Portrait par Didier Roth-Bettoni
Sylvie Joly
Une idole qui aime ses fans… C’est du Joly !

À peine remise de la "der des ders" de "Je suis votre idole" à l'Olympia en juin, Sylvie Joly remonte sur scène pour un tout nouveau spectacle au théâtre des Mathurins composé pour moitié de chansons et de sketches : "Fans je vous aime". De l'inédit au programme...
Sylvie Joly telle qu'en elle-même. Chez elle, bel appartement d'un beau quartier parisien.
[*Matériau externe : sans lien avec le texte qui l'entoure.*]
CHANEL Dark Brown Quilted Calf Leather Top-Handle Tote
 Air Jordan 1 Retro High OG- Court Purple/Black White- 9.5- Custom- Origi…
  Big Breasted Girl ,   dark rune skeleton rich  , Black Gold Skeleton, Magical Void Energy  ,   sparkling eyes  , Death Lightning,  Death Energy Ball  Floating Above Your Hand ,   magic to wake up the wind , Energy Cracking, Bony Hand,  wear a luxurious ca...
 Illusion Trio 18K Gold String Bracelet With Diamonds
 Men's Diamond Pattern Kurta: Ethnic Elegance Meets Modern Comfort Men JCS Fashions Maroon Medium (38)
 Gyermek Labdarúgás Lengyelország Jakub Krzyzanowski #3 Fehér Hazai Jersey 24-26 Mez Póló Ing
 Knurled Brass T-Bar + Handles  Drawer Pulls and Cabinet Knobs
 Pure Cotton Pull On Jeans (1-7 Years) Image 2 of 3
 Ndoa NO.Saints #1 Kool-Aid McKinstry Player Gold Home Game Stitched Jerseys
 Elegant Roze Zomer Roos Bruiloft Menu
La porte s'ouvre, la voilà, longue robe noire sans manches, chapeau noir (griffé) enfoncé sur la tête, larges lunettes orange. Et le sourire Sylvie Joly, ce sourire qui n'appartient qu'à elle, à la fois chaleureux et crispé, toutes dents dehors. Pas le temps de dire un mot qu'elle a déjà commandé un café à la femme de ménage : en anglais, avec un accent qui la fait elle-même éclater de rire. C'est parti : le show Joly a commencé. Car ce qui frappe - et dont on se doutait un peu à voir ses spectacles -, c'est que ce qui est drôle d'abord chez Sylvie Joly c'est... Sylvie Joly. Lapalissade ? Pas vraiment, car là où tant de comiques doivent en faire des tonnes et forcer le trait pour amuser la galerie, Sylvie Joly n'a qu'à paraître pour que ça marche. La preuve ? Elle en a même fait un spectacle : La Si Jolie Vie de Sylvie Joly, largement autobiographique, où elle racontait ses débuts d'avocate, ses premiers pas sur scène, ses ratages... C'est ce qu'on appelle une nature. Et la sienne, vue de près comme vue de la salle, est irrésistible. Alors bien sûr, Catherine, la grosse Touchard, la folle sexuelle, la lionne, la Madame Fox-Terrier du Miraculé de Jean-Pierre Mocky... tous ces personnages qui l'accompagnent sur scène depuis tant d'années, on les adore mais ce qu'on adore surtout, c'est la façon dont Sylvie Joly déboule sur scène ou cet art consommé avec lequel d'une mimique, d'un accent mis ici plutôt que là... l'humoriste donne vie à ses créatures qu'elle fait exister pour nous tout en restant elle-même. Pour ça, il faut un sacré talent. "C'est de l'instinct, dit-elle, ce qui est important c'est la sincérité pour saisir les petits riens qui font la différence entre les personnages."

"Ce sera comme une mini-comédie musicale"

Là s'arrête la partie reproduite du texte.